かつて、山岳少数民族ヤオ族の始祖神話が記された「ギェセンポン」を見つけ出し翻訳に苦慮している真っ最中、『art Japanesque』日本の美と文化(講談社)で「庭園と離宮」の撮影依頼が入った。
1983年のことである。
ヤオ族の歴史に興味を抱いて黄金の山岳地帯にまで踏み込んだのに、そのくせ日本の文化に不案内というのはイカン、これからは日本を見直そうと固く決心した矢先だったので、タイミングよく声をかけてくれた松岡正剛さんに感謝した。
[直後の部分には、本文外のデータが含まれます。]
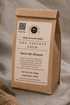 A brown kraft paper coffee bag standing upright on a soft gray fabric surface. The front label reads &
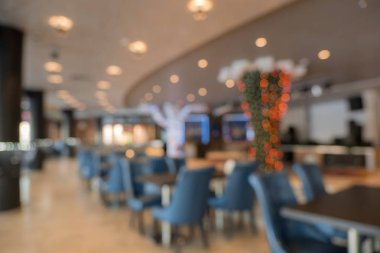 Restoran iç için arka plan bulanıklık. Kahve dükkanı veya kafe restoran ile soyut bokeh ışık görüntü arka plan bulanıklık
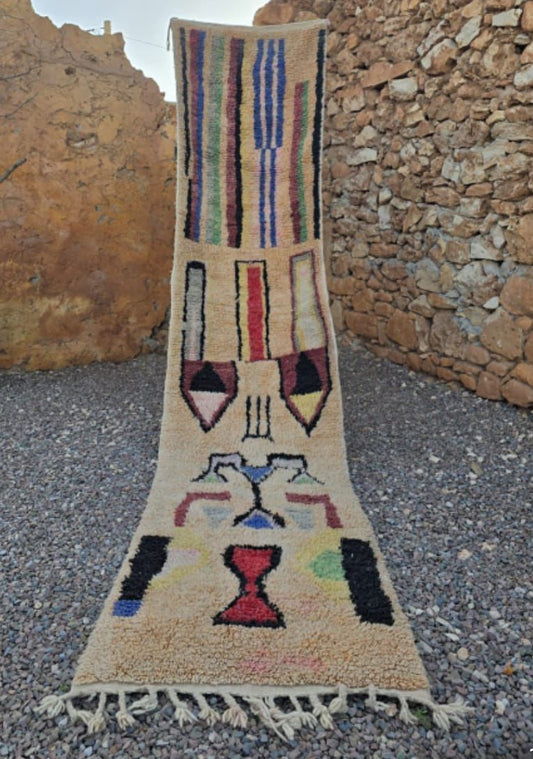 Colorful Moroccan runner rug in outdoor setting, handmade wool with abstract boho pattern, 7x2 feet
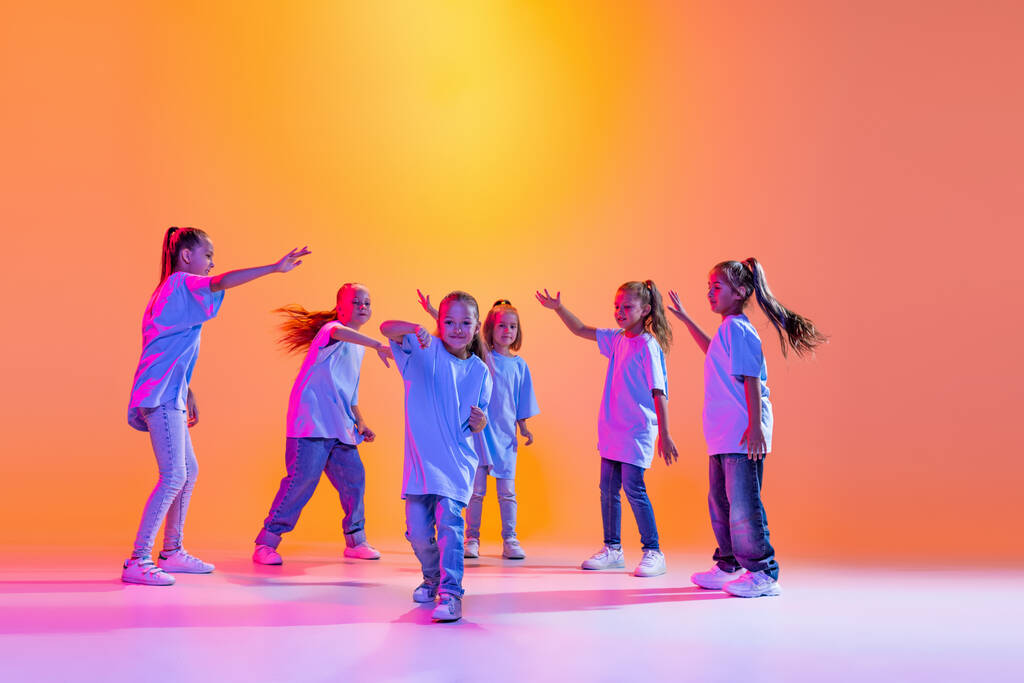 Хип-хоп танец, уличный стиль. Счастливые дети, маленькие активные девочки в повседневной одежде танцы изолированы на оранжевом фоне в фиолетовом неоновом свете. Концепция музыки, моды, искусства - Фото, изображение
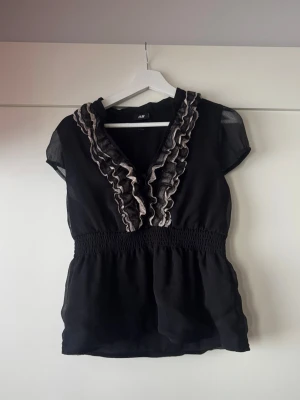 Svart blus med volang från H&M - Storlek M, bra skick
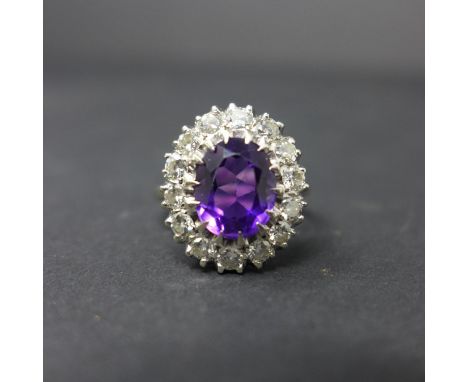 A 14ct white gold, amethyst and diamond cluster ring, approx. 1.5ct total, boxed 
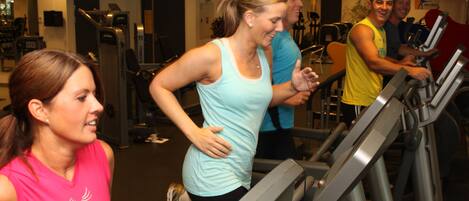 A gym with treadmills and exercise equipment.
この時は庭の原型として、伊勢神宮の白砂に目を付けた。
内宮の社、外宮の遥拝所、古殿地一面に敷かれた白い小石を撮った。
撮影しながら白砂とは別に五十鈴川から鳥居を望むアングルに強く惹かれた記憶がある。異界を感じる何か、水の冷たさ清浄な空気の向こう側を意識したのか。しかし、その場所から振り返っても宇治橋は見えなかった、と思う。どうだったかはっきりしない。
今回確認のために五十鈴川へ行ってみたが、やはり当該の場所から宇治橋は見えなかった。

橋は何のためにあるのだろう。

あらためて宇治橋をしみじみ見つめて写真を撮った。